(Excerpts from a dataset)
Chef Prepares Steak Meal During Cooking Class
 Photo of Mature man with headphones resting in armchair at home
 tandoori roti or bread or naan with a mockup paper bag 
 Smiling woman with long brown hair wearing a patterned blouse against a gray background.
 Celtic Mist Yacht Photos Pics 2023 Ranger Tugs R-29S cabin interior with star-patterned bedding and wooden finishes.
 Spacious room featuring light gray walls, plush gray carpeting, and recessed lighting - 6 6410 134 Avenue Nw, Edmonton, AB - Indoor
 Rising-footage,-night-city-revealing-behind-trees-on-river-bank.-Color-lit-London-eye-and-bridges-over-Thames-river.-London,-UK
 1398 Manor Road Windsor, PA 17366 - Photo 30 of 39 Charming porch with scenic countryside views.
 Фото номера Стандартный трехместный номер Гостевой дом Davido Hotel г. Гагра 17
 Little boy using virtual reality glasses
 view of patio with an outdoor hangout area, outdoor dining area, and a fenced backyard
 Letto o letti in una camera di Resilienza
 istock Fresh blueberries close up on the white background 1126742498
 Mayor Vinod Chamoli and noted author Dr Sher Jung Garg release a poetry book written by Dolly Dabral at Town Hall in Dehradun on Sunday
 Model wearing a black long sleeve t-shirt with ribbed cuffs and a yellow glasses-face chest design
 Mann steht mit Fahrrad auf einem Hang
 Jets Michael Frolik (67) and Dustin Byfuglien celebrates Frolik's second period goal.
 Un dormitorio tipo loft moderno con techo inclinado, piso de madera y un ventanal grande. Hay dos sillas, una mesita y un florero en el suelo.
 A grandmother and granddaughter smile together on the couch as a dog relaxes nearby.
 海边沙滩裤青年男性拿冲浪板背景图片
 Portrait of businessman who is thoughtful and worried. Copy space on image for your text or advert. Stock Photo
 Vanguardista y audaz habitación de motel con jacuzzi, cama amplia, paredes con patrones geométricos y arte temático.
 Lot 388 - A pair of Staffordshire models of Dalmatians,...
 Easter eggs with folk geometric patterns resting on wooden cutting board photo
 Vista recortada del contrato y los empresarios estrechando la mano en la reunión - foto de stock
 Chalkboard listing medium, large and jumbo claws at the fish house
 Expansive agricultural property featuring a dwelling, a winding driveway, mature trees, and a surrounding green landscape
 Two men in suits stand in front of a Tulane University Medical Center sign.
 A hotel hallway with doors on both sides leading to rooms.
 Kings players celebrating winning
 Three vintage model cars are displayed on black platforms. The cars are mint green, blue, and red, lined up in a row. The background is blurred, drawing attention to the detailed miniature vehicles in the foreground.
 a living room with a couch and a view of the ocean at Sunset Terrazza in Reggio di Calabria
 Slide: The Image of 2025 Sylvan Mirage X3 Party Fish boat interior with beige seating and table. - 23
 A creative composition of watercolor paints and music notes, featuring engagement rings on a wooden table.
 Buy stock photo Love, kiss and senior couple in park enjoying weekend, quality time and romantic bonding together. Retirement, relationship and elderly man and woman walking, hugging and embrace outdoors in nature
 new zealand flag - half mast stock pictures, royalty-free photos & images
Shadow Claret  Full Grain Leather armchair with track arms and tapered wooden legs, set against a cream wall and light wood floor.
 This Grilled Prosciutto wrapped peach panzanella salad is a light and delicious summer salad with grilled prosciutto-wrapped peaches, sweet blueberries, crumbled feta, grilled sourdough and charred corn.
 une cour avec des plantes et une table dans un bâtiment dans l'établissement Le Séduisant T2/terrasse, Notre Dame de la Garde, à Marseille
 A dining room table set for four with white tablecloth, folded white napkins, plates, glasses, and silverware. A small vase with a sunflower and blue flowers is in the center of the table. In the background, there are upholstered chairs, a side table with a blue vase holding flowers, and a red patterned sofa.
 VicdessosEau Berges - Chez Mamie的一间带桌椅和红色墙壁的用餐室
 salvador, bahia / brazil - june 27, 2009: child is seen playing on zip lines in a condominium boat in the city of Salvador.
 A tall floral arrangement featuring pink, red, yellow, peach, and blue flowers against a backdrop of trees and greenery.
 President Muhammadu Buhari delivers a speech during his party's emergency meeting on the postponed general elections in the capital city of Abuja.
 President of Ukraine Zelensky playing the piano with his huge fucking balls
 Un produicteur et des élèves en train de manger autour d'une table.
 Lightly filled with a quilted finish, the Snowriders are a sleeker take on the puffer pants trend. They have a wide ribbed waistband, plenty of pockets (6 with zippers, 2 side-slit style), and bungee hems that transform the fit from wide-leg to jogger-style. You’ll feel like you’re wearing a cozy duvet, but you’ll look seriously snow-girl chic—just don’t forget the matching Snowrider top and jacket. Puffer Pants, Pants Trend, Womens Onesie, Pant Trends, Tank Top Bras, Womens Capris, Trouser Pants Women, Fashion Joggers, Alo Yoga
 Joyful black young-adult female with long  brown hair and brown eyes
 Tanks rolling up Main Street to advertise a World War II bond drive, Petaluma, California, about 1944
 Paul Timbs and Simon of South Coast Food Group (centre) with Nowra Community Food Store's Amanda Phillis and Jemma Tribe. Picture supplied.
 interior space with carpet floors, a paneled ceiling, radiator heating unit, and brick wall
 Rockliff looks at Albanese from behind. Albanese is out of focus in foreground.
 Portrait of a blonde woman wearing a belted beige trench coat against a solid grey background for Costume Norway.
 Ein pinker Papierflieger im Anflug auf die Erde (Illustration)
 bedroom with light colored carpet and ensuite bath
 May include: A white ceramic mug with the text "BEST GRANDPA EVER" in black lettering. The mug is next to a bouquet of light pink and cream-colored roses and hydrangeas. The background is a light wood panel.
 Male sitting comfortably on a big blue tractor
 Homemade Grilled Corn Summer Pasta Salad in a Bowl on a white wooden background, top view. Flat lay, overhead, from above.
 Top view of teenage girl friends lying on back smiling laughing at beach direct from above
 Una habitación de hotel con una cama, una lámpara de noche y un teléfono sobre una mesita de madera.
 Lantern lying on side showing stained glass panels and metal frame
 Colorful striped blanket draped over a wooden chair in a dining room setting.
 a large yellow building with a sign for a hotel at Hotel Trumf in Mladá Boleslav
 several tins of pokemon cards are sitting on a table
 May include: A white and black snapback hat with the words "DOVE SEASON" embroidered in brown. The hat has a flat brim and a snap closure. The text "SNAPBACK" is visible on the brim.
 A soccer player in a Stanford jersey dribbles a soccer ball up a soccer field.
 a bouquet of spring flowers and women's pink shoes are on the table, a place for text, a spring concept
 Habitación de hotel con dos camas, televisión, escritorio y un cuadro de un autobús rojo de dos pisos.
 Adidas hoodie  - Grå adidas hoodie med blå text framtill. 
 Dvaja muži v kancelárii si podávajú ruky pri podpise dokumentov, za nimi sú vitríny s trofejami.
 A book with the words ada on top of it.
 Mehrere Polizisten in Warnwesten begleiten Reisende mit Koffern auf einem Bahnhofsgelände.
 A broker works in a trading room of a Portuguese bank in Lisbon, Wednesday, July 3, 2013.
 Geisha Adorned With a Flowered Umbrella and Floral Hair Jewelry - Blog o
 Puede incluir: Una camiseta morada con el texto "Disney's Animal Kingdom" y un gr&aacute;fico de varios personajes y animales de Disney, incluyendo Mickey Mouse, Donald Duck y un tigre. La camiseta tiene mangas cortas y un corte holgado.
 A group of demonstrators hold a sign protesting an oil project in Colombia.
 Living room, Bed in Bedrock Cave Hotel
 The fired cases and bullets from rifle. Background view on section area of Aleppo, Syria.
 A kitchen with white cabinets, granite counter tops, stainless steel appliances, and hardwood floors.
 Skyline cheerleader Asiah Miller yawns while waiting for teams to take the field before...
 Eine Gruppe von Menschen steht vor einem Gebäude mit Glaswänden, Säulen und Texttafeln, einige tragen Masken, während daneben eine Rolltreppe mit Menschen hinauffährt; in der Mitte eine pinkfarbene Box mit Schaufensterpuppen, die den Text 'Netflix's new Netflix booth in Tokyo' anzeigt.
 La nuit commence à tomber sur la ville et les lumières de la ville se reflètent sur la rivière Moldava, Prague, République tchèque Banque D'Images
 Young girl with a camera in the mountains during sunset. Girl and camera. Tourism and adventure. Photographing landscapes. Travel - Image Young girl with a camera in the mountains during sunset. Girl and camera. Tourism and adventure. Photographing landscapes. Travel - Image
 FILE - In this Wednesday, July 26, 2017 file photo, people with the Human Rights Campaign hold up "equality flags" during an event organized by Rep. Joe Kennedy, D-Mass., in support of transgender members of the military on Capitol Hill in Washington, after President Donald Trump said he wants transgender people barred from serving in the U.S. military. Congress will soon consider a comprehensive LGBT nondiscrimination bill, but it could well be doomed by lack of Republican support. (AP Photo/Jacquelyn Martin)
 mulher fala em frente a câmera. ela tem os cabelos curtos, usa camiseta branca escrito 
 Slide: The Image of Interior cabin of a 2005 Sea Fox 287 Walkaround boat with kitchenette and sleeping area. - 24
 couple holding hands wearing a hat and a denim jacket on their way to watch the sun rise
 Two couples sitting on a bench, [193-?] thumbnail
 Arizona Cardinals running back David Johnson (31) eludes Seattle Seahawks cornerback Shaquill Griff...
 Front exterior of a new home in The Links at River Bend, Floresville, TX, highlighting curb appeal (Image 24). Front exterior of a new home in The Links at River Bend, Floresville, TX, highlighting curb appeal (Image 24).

* ABOUT THIS TASK:
Look above for the line with "Slide: The Image of Interior" and the line with "Two couples sitting"; transcribe both and all lines in between, exactly, and nothing else.

* ANSWER TO THIS EXERCISE:
 Slide: The Image of Interior cabin of a 2005 Sea Fox 287 Walkaround boat with kitchenette and sleeping area. - 24
 couple holding hands wearing a hat and a denim jacket on their way to watch the sun rise
 Two couples sitting on a bench, [193-?] thumbnail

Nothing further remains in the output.